Hinter der düsteren Fassade der Texte verbirgt sich bei Kafka zudem oft beissender Humor. «War er eine Frohnatur?», wurde sein Wegbegleiter Max Brod einmal in einem Fernsehinterview gefragt. «Das ist zu viel gesagt! Er war nicht so depressiv, wie er heute gesehen wird, aber Frohnatur kann man ihn nicht nennen», lautete die subtile Antwort.

Es ist nur eine von vielen Szenen, die der Illustrator Nicolas Mahler mit scharfen Strichen in seiner Comic-Biografie «Komplett Kafka» wiedergibt. «Durch seine herausragende Beobachtungsgabe und seine Fähigkeit, Dinge aus verschiedenen Perspektiven wahrzunehmen, gibt es in seinen Schriften viele komische Momente», sagt Mahler. Sein Ziel sei es gewesen, die humoristischen Elemente bei Kafka herauszuarbeiten, ohne eine Parodie zu produzieren.

Entgegen kam Mahler, dass Kafka ein weniger bekanntes Talent besass. «Kafkas Zeichnungen habe ich lange studiert. Und in meine eigenen Zeichnungen einfliessen lassen.»

Ein «grausames Paradox»

Von Kafkas Geburtshaus unweit des Prager Altstädter Rings ist heute nur noch das Eingangsportal erhalten, das beim Wiederaufbau nach einem Brand Verwendung fand. Die deutsch-jüdischen Eltern des Schriftstellers betrieben ein Kurzwarengeschäft und kämpften um den sozialen Aufstieg. Auf Kafka lag die Bürde des einzigen Sohnes, der Jura studierte und später in der Arbeiter-Unfall-Versicherungsanstalt für das Königreich Böhmen arbeitete. Nur die Freizeit – und oft ganze Nächte – widmete Kafka seiner eigentlichen Passion, dem Schreiben.

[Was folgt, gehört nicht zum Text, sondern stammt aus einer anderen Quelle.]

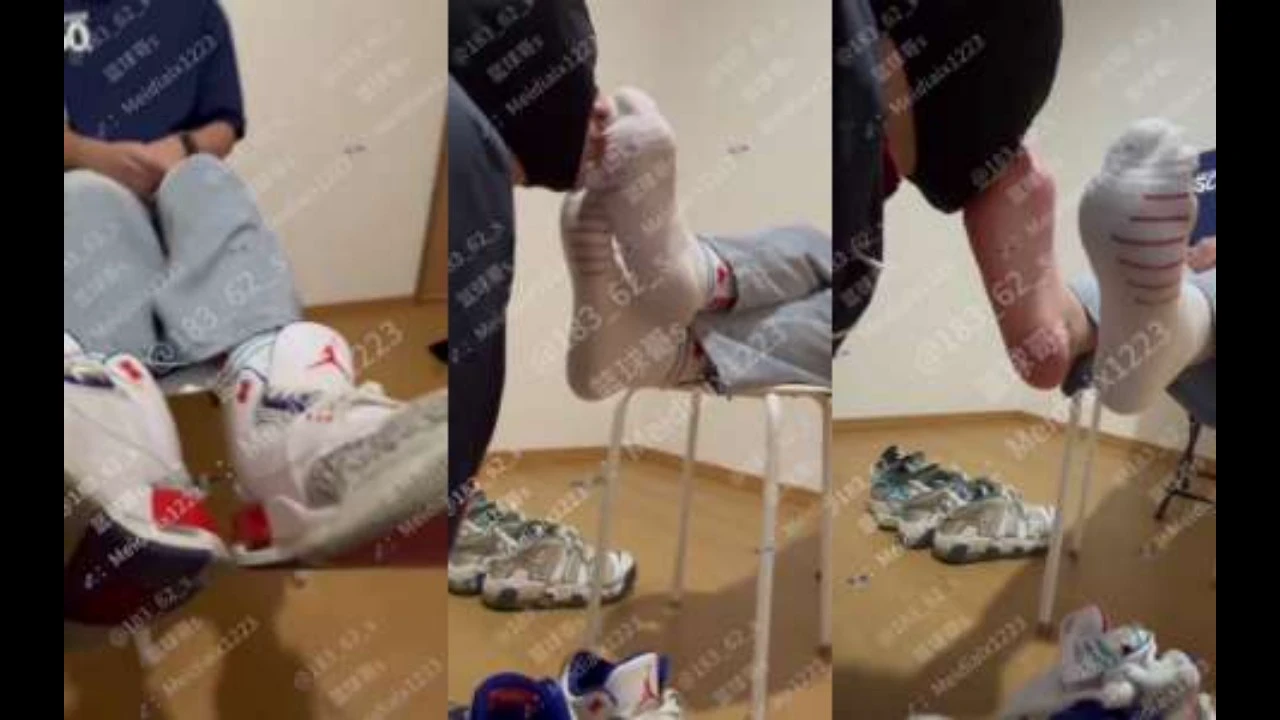 篮球体育生更衣室的故事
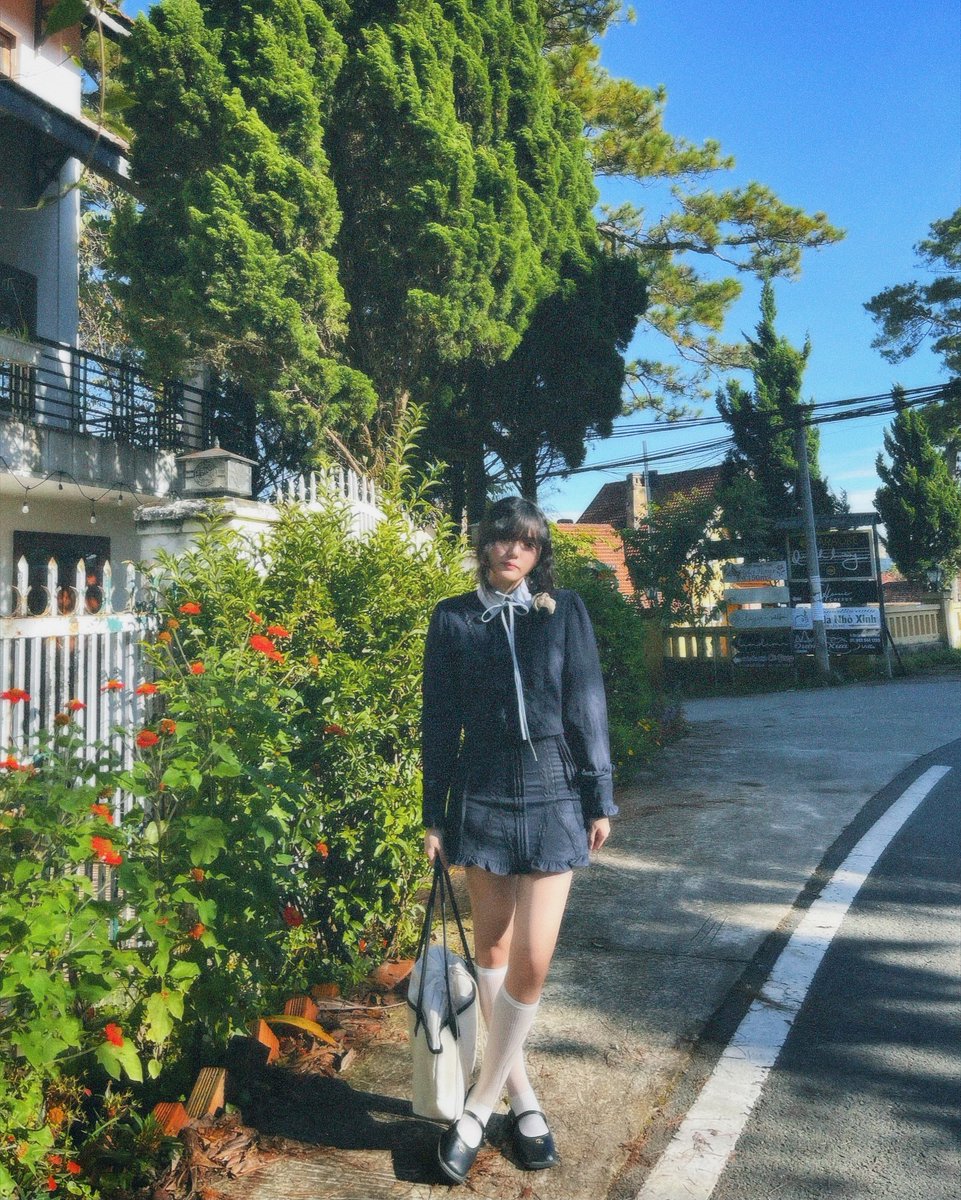 ApoloniaTre7's tweet photo. November https://t.co/IPf1Y5o6QY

Es ist die Tragik seines Lebens, dass der ewige Junggeselle erst kurz vor seinem Tod im Alter von nur 40 Jahren die Frau fand, die wirklich zu ihm zu passen schien. Es war Dora Diamant, die Kafka in einem jüdischen Ferienlager in Graal-Müritz kennenlernte. Sie stammte aus der Gegend um Lodz. Die Welt der orthodoxen Ostjuden faszinierte Kafka.

Dora hat den unheilbar an Tuberkulose Erkrankten in seinen letzten Wochen in Kierling begleitet. Die Kehlkopftuberkulose machte das Schlucken am Ende schmerzhaft und fast ganz unmöglich. Dennoch arbeitete Kafka noch am Tag vor seinem Tod an der Korrektur der Druckfahnen für seine Erzählung «Der Hungerkünstler». Ein «grausames Paradox» nennt Stach das in seiner Kafka-Biografie: «Die Geschichte eines Menschen, der nicht mehr essen will, aufgezeichnet von einem Menschen, der nicht mehr essen kann.»